Now let's do the same thing for the kernel Support Vector Classifier. Train an SVM classifier with **all combinations** of the parameters included below in vectors `gamma` and `C`. For each setting of parameters, compute:
* the test error obtained
* the total runtime of classification in seconds (including training time and prediction time)

In [34]:
gamma = [.1, .05,.02,.01,.005]
C = [.01,.1,1,10]
# TODO
# ...

In [35]:
gamma = [.1, .05,.02,.01,.005]
C = [1,10,100,1000]
for g in gamma: 
    for c in C:
        t = time.time()
        
        svc = svm.SVC(probability=False,  kernel="rbf", C=c, gamma=g,verbose=10)
        svc.fit(Xtr1,ytr8)
        ysvm = svc.predict(Xts1)
        acc = np.mean(ysvm == yts8)

        elapsed = time.time() - t
        print("gamma = " + str(g) + ", C = " + str(c) + ", Test accuracy = %f" % acc + ", Runtime (sec.):  = %f" % elapsed)

[LibSVM]gamma = 0.1, C = 1, Test accuracy = 0.914500, Runtime (sec.):  = 47.863558
[LibSVM]gamma = 0.1, C = 10, Test accuracy = 0.920000, Runtime (sec.):  = 49.278915
[LibSVM]gamma = 0.1, C = 100, Test accuracy = 0.920000, Runtime (sec.):  = 47.700934
[LibSVM]gamma = 0.1, C = 1000, Test accuracy = 0.920000, Runtime (sec.):  = 47.502115
[LibSVM]gamma = 0.05, C = 1, Test accuracy = 0.964500, Runtime (sec.):  = 22.384640
[LibSVM]gamma = 0.05, C = 10, Test accuracy = 0.967250, Runtime (sec.):  = 23.150993
[LibSVM]gamma = 0.05, C = 100, Test accuracy = 0.967250, Runtime (sec.):  = 23.950929
[LibSVM]gamma = 0.05, C = 1000, Test accuracy = 0.967250, Runtime (sec.):  = 25.652432
[LibSVM]gamma = 0.02, C = 1, Test accuracy = 0.975500, Runtime (sec.):  = 8.616884
[LibSVM]gamma = 0.02, C = 10, Test accuracy = 0.981250, Runtime (sec.):  = 8.712702
[LibSVM]gamma = 0.02, C = 100, Test accuracy = 0.981250, Runtime (sec.):  = 9.241241
[LibSVM]gamma = 0.02, C = 1000, Test accuracy = 0.981250, Runtime (s

TODO: What was the best test error achieved, and what setting of parameters achieved this error? Which performed better in terms of accuracy, the SVM or logisitic regression classifier? How about in terms of runtime?

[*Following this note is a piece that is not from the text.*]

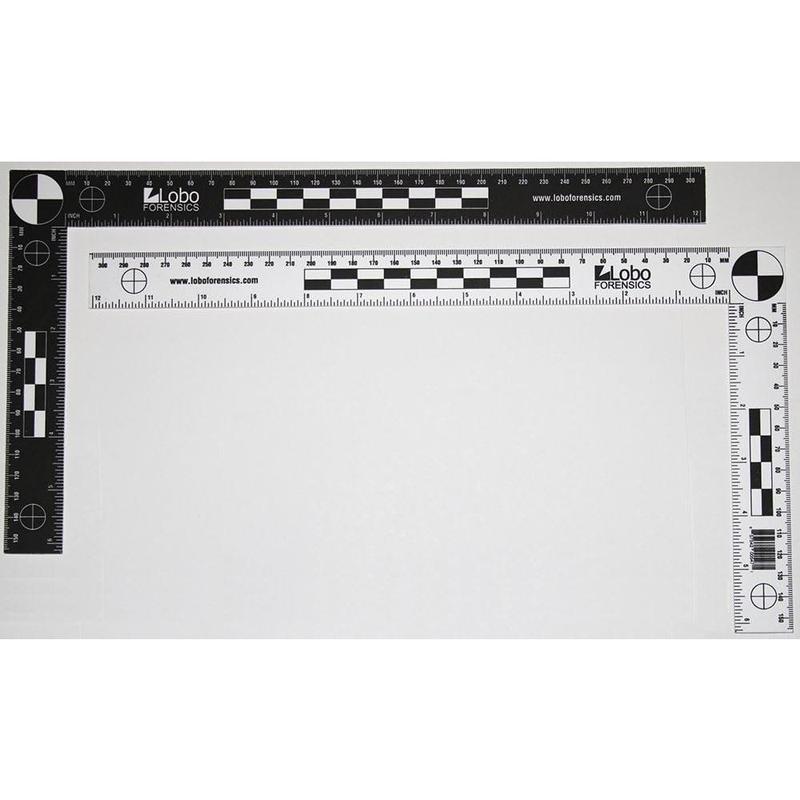 Fractional Bureau Scale designed and the - TikTok Shop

**NOTE:** For `sklearns`'s built in classifiers, including svm.SVC, there is a function called `GridSearchCV` which can automatically perform hyperparamater tuning for you. The main advantage of the method (as opposed to writing for-loops) is that it supports parallelization, so it can fit with different parameters at the same time. The function also supports automatic $k$-fold cross-validation (instead of simple train/test split). 

You might be interested in using this function for your projects. If so, please check out the tutorial in the following lab from last year: https://github.com/sdrangan/introml/blob/master/unit08_svm/lab_emnist_partial.ipynb.

**20% extra credit:** Find a choice of kernel function (not necessarily Gaussian) and hyperparameters which improves on your best results above by $.5\%$ in test accuracy (for either logistic regression or SVM). You are also free to change the regularization for logistic regression (e.g. to $\ell_1$ regularization), although this will require changing the optimization function. Partial extra credit will be given for small improvements. Report the kernel and hyperparameters used, and compute test accuracy to show your results.